*Data segment*.
Content starts

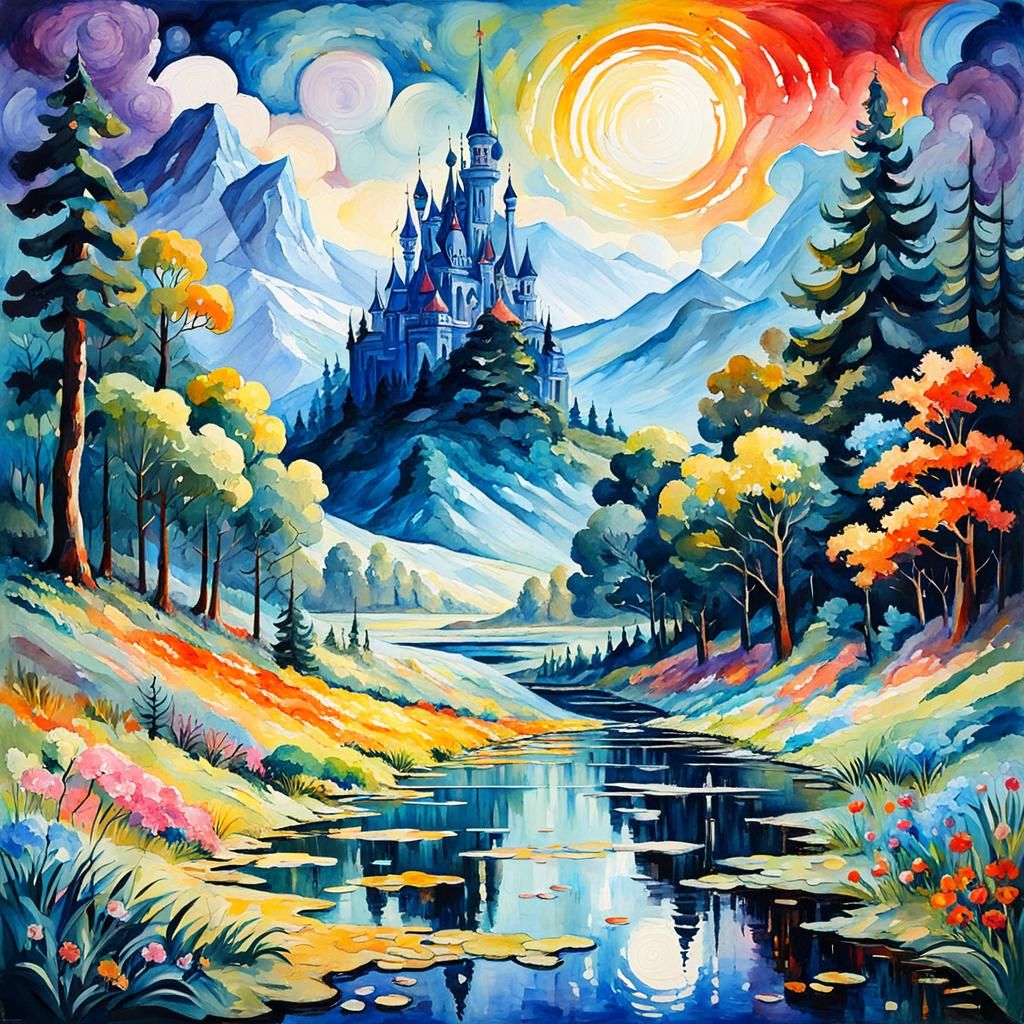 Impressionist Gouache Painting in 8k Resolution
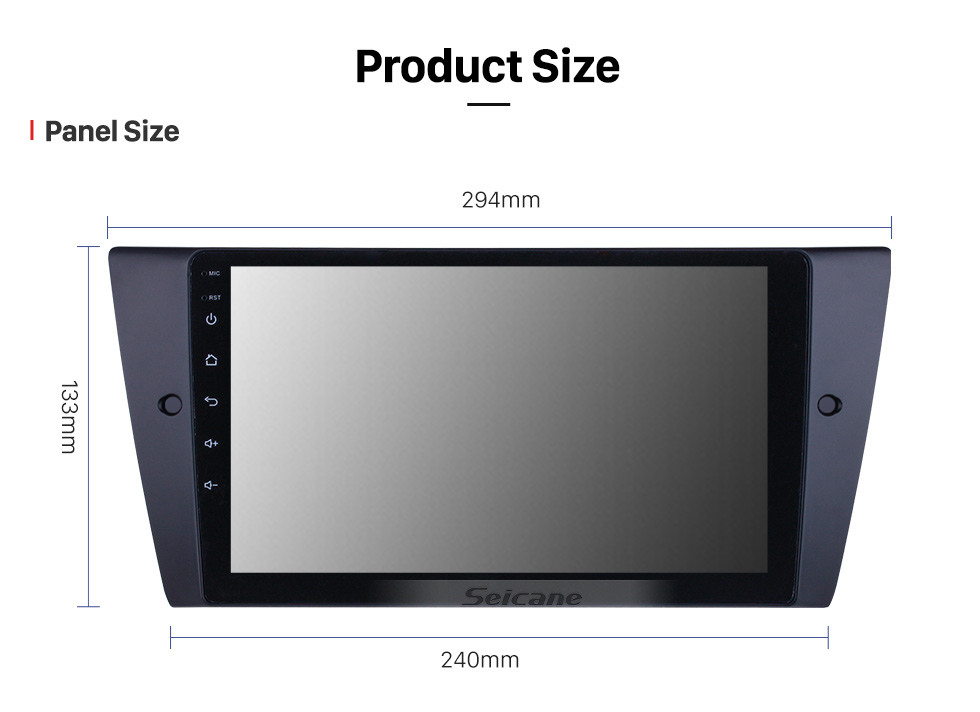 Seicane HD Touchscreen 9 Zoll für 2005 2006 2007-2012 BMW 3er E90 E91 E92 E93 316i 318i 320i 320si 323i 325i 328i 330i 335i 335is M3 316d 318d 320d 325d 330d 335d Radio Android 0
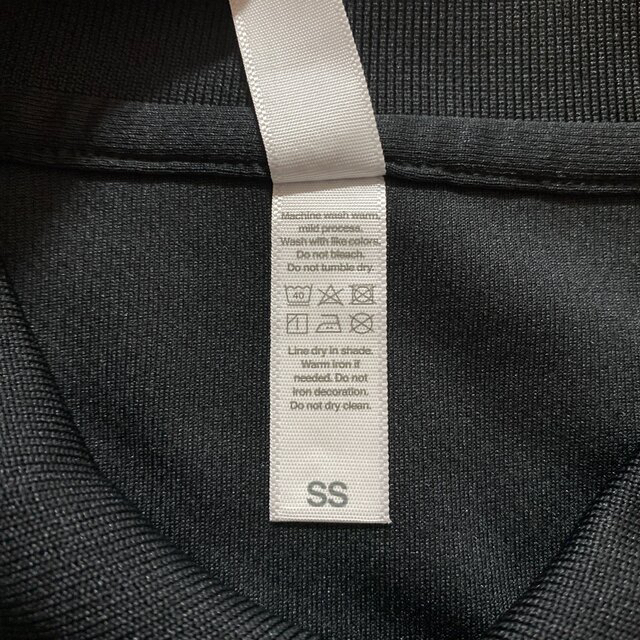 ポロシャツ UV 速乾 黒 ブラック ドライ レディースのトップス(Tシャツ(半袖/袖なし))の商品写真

Content ends

*Activity*. Please set the data above down exactly, with the pictures removed.

*The completed task*.
 Impressionist Gouache Painting in 8k Resolution
 Seicane HD Touchscreen 9 Zoll für 2005 2006 2007-2012 BMW 3er E90 E91 E92 E93 316i 318i 320i 320si 323i 325i 328i 330i 335i 335is M3 316d 318d 320d 325d 330d 335d Radio Android 0
 ポロシャツ UV 速乾 黒 ブラック ドライ レディースのトップス(Tシャツ(半袖/袖なし))の商品写真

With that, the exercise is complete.